I did a lot of reading and saw there is the ability to make the switching process interrupt driven. That is to say, you can have the Arduino sleep -- using almost no power -- then when a switch is pressed, it generates an interrupt that wakes the Arduino and immediately checks which switch or switches were pressed.
Good advice here:
http://electronics.stackexchange.com/qu ... tton-input ( read Dan's response near the end )
It should work for toggle switch and push button and momentary switches. Each type is done slightly differently.
Again the bistable latch -relay/momentary switch is optimal for lowest power consumption. The latch - relay can be triggered with 3.3/5V. The switches are 3.3/5 V. The devices run on 12V or AC. Actually you might have to have a relay : the devices all need a higher voltage than the Arduino can handle.
The latch-relay is about $5 per device ( multiple switches could drive a device ). If your intention was to have master switches for every device anyway (my current design), given cost of switches and possible indicator lights and mounting brackets, the cost might be a wash.
If you are building with lots of switch and devices, you might need an IO expansion shield to allow for more IO pins. You would want ones that can be configured with pull up or down resisters and interrupts.
In thinking this design though, there are some really nice advantages.
(1) Each device/socket would be directly activated by a relay driven by the Arduino. This means every device could be selectively powered rather than having either everything on all the time or having to select multiple switches to turn on/off specific devices. You can wire everything separately eg home run for each reading lamp, dc outlet, etc and decide at the relay which devices share or do not share power. Nice if a particular outlet is really power hungry or one develops a short -- you can re-direct without having to rewire. A single switch can turn on multiple devices.
(2) No need for a big switch panel for master switches in the cabin, just the Arduino 3-4 inch touch screen and the big relatively speaking but hidden Arduino IO panel. ( Did I say add a touch screen?)
(3) One could remove some switches completely as the Arduino would be a switch panel.
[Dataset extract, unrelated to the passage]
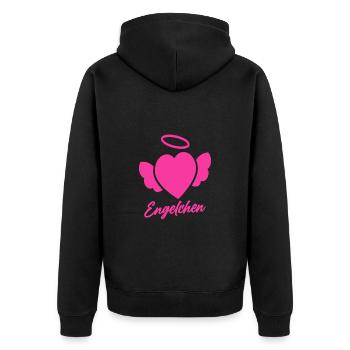 Engelchen mit Herz und Heiligenschein - Unisex Premium Bio Zip Hoodie - Schwarz - Hinten - Nico (187cm)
One might want a specific switch in the galley for water pump and heater, but no need for any additional switches in the cabin. Porch and cabin light switch would be good at the cabin doors -- but no need for switches for any other devices.
(4) Simpler switches. Since the Arduino is making the decisions and completing the circuit, no need for double throw switches or complex wiring patterns. One only needs low voltage momentary on switches. Home run connection to the switch and device means no solder connections to fail.
(5) One could build themed connection pools eg
* turn on/off the galley [lighting, dc power, AC power]
* power on/off all cabin lighting
* turn on external power outlets (DC and AC)
* turn on just external AC power
* power savings mode
* towing with or without frig
* power on/off everything
* shower with city water [heater only]
* turn on running lights/reverse lights (make flashers run?)
* charging stations [ cabin DC ]
* display switch for every device
* (too many???)
A single press and many devices are powered. Obviously devices could be in multiple connection pools. You could even disable switches eg power saving mode would not allow the water pump to be turned on. There is more programming for tracking which themed connection pools are active eg selecting tow mode would turn off almost all the devices and other connections pools OR turning off the heater would disable the shower mode. Adding or removing devices to the pools is easy.
(6) Adding more devices only requires open IO pins and connection to the device. No need to run additional wires for more switches.
(7) Mechanism for tracking/displaying what is powered without a continuous power draw ie LED indicators. Maybe a wifi connection to your phone???
(8) You have the controller to do other things -- power monitoring, GPS, alarms, backup camera, etc.
PS: I found a continuous liquid level indicator which could interface to the Arduino for cheap (<$50) compared to the $300 versions for RVs.